Sabtu, 4 Oktober 2025

Gubernur Edy Rahmayadi Digugat Eks Kadis PUPR Sumut Buntut Pencopotan Jabatan: Dia Adik Kelas Saya

Keputusan Gubernur Sumatera Utara, Edy Rahmayadi, mencopot Kepala Dinas PUPR Sumut Bambang Pardede berbuntut panjang.

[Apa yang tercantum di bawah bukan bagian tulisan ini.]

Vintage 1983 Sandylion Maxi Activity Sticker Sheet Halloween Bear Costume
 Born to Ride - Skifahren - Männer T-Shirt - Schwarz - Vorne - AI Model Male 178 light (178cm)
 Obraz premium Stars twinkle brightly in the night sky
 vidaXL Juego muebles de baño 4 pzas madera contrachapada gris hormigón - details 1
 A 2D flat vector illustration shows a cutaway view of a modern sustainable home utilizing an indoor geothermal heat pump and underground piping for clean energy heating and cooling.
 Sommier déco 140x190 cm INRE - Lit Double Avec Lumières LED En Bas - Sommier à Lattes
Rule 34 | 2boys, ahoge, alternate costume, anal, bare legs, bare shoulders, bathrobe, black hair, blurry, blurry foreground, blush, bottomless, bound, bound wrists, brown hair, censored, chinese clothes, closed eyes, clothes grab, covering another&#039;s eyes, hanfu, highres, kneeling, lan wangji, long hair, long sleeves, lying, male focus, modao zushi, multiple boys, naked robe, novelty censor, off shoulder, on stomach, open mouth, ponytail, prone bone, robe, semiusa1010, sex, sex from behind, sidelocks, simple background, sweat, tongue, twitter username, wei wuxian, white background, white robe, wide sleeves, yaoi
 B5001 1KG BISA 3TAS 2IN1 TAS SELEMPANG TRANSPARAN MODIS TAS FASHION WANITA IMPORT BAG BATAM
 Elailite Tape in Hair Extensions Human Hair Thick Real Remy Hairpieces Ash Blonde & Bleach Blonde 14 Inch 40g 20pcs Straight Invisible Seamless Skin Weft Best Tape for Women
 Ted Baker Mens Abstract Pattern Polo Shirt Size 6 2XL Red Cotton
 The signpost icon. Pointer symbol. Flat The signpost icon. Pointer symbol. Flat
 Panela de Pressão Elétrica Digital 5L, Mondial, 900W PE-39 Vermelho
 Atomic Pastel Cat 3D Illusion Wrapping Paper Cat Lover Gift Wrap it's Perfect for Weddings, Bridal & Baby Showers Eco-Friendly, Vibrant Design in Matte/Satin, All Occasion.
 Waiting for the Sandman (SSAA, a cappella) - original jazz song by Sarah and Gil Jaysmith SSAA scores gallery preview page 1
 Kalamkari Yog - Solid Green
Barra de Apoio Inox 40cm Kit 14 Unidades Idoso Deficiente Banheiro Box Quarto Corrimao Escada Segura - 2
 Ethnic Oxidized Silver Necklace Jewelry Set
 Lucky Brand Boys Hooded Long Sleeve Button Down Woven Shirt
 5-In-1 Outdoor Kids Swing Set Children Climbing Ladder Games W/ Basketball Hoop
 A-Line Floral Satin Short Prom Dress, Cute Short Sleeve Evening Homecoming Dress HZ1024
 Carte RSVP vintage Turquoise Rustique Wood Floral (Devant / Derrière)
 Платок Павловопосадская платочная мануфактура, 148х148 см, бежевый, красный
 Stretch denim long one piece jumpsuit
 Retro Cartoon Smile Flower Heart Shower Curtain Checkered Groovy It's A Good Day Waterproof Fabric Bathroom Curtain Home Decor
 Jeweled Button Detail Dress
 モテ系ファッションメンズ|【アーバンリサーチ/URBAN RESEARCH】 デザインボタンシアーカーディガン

Bambang menggugat Edy ke PTUN.

Editor: Adi Suhendi
TRI BUN MEDAN/DANIL SIREGAR
Gubernur Sumatera Utara, Edy Rahmayadi memberikan tanggapan soal langkah eks Kadis PUPR Sumut melayangkan gugatan karena tak terima dicopot dari jabatan. 

TRIBUNNEWS.COM, JAKARTA - Keputusan Gubernur Sumatera Utara, Edy Rahmayadi, mencopot Kepala Dinas Pekerjaan Umum dan Penataan Ruang (PUPR) Sumut, Bambang Pardede berbuntut panjang.

Sekadar informasi Bambang Pardede dicopot dari jabatan Kasis PUPR Sumut tepat pada hari Presiden Joko Widodo atau Jokowi meninjau jalan rusak di Labuhan Batu Utara (Labura), Sumut, Rabu (17/5/2023).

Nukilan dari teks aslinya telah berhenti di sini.